Boco, I finally checked on Google Earth Pro for you. I tried actually yesterday but GE sort of flaked out and I couldn't get it restarted.
It appears for you Canadian bush people, and probably Alaska as well, you're probably out of luck using GE other than just get the lay of the land in a few years in the past. Boco's lat, long yielded 2 images in the "historical" slider, Aug 9 2014 and May 29, 2011 (if you believe GE's dates). My cousin's farm in se SD has at least 8 dates between the spring of 1998 and July 2015, although not all of those are really very clear so not good, sharp high-res stuff. I have 10 dates over the property that became my house ranging from 1991 through last year. The most recent one was when there was a neighborhood wide rummage sale going on, an interesting pix.

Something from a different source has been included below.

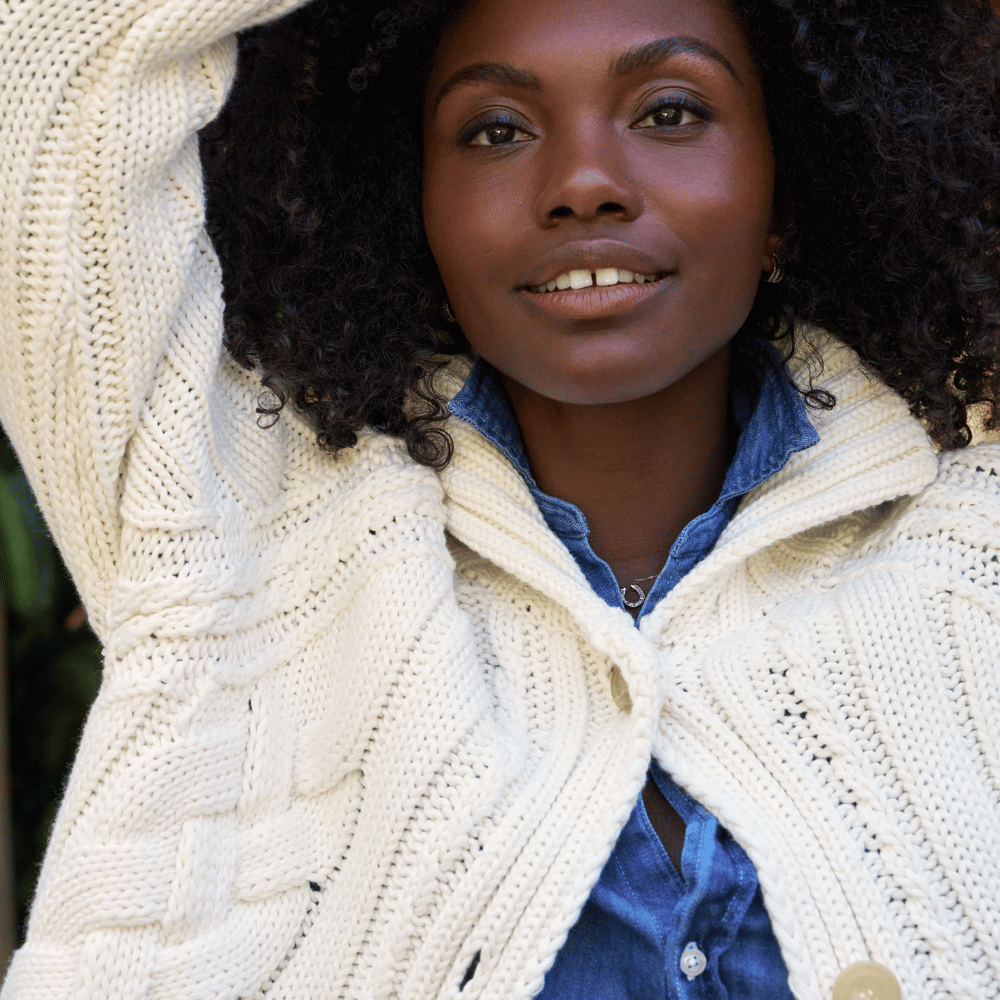 Frank & Eileen Mini Cotswolds Cropped Cable Knit Cardigan in Ivory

Google doesn't either fly any of its own satellites or aerials, at least not yet or what they'll admit to. They use imagery that they mostly can get for free, so that tends to be various government agencies or commercial entities that the federal gov supports in various ways. The Canadian gov uses the U.S. Landsat satellite system (2 birds flying right now, although one is old and semi-crippled) that have 30 meters resolution with the multi-spectral bands (think various visible and non-visible "colors") and 15 m pan (b&w). Might see really large beaver dams at that resolution but not individual lodges and such. The things that the Can forest service (forgut the formal name) cares about mostly are monitored at the landscape scale- logging, fires, insects and disease so your gov probably doesn't fly much for high res aerial over the bush OR if they do, they don't give the imagery away for free. Or Google, for whatever reason, doesn't want it or can't get it. Don't know.
So, yes, you Canuks were correct, GE is pretty limited and probably dated for the bush. For guys in the lower 48, most places have fairly good high-res imagery within the last 2-3 years but nowhere probably has "real time" meter or so resolution unless you're "special" for various reasons.
Anyway, we're just talking the "civilian" government here. The national security assets are a whole different world. Not my gig.